先ほどの夫婦は、村の外にある大学の同級生。妻は遠く離れた遼寧省の都市の出身で、都市戸籍を持っている。都市戸籍を持つ女性が農村戸籍しか持たない男性と結婚するのは稀。ここからも華西村の豊かさがわかる。

この高級住宅街、家のデザインや色は、ちょっとずつ違ってはいるものの、大きさや形はほとんど同じ。村がまとめて建設し、村民に分配しているからである。

つまり、この村は、資本主義的なやり方で経済発展を遂げつつ、社会主義的なやり方で富を公平に分配しているのである。

中国そのものも、改革開放政策によって市場原理を導入した。経済的には資本主義へと舵を切り、猛烈な勢いで経済発展を遂げてきた。しかし、富の分配は上手く行かず、貧富の格差の拡大が深刻な社会問題となって横たわっているのだ。

■今なお根強い毛沢東の思想

華西村は、毛沢東時代の中国がもともと理想としていた、マルクス主義の「人類史の発展の最終段階としての社会体制である共産社会」を実現しているかに見える。「共産社会」とは、言わば「ユートピア(理想郷)」だ。華西村のスローガンは、まさに「共同富裕」。つまり「共に豊かになろう」なのだ。

この華西村の成功を学ぼうと、連日、全国各地から視察団が押し寄せる。省、市、県、村といった自治体の役人たちである。

その視察団に最も人気なのが、呉さんの講演。

「社会主義とは何か?一言で言えば、人民を幸せに生活させることが社会主義だ」と熱弁をふるう。


■村の合併に見る旧村民と新村民との経済格差

華西は、ここ数年、周辺の20の村を吸収合併してきた。華西村としては、事業の拡大で村営企業が増え、従業員の確保が必要だった。一方周辺の村としても華西村と一緒になったほうが、恩恵を得られるからだ。

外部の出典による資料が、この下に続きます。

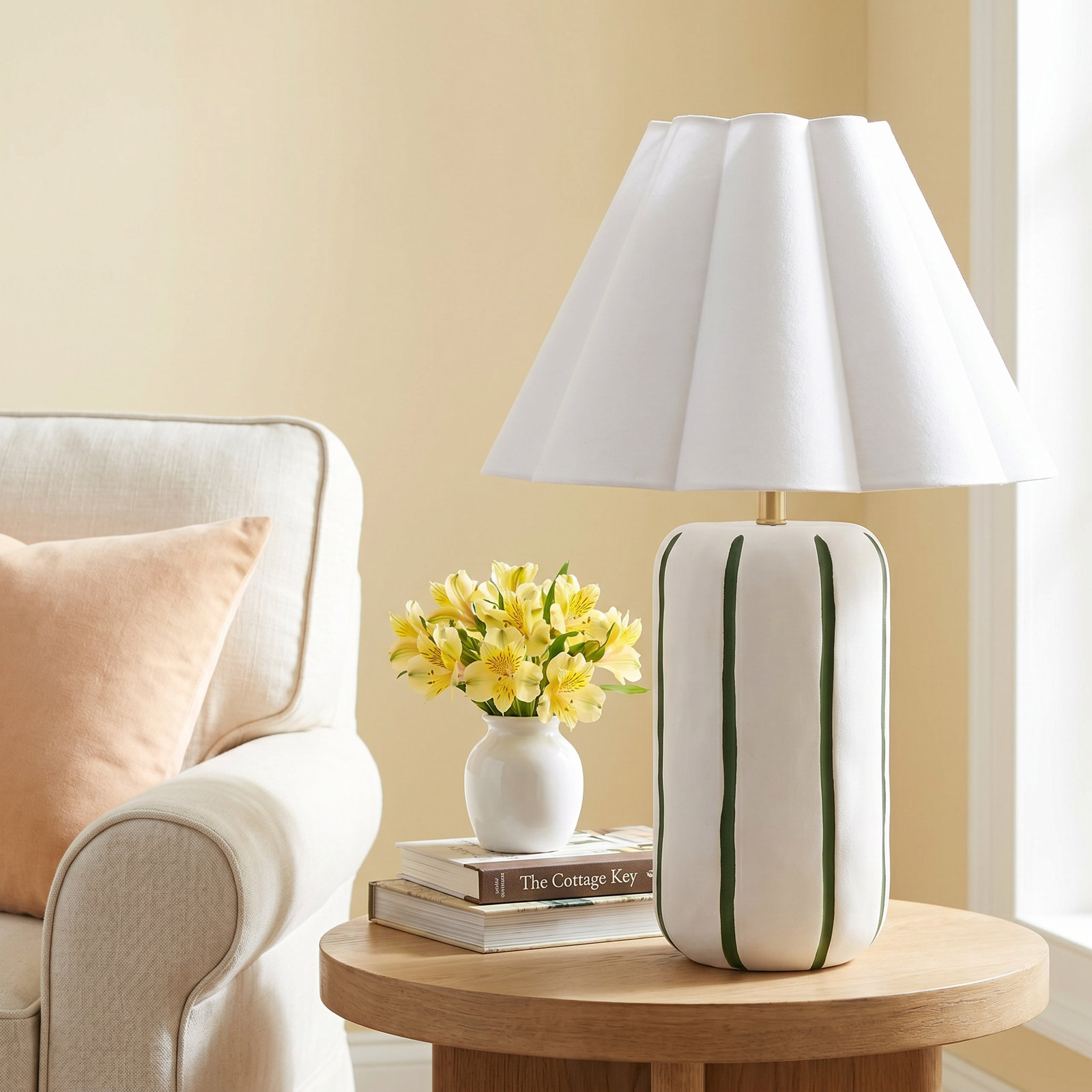Ceramic Table Lamp, Green, 25"H x 18"W x 18"D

華西村の旧村民は約2000人。2011年で2万8000人にのぼる。

ただし、旧村民と新村民の間には、収入にも福利厚生にも差を設けている。これに新村民は不満に思わないのだろうか。
新村民の村長にあたる人物曰く「華西村は、50年間も奮闘してきたわけだから、合併された村がすぐに同じ待遇を受けるのは、かえって不公平だろう。」

この旧村民の村長は、現在では村役場の一職員として働いている。

■華西村に存在する3つの格差

村が拡大し、出稼ぎ労働者が華西村の工場で多く働く。彼らの収入は、例えば鉄鋼工場で12時間の労働なら月給5000元(約6万円)。2011年当時、北京で大卒の初任給が3000元、広東省の工場労働者なら熟練工で1500~3500元が相場。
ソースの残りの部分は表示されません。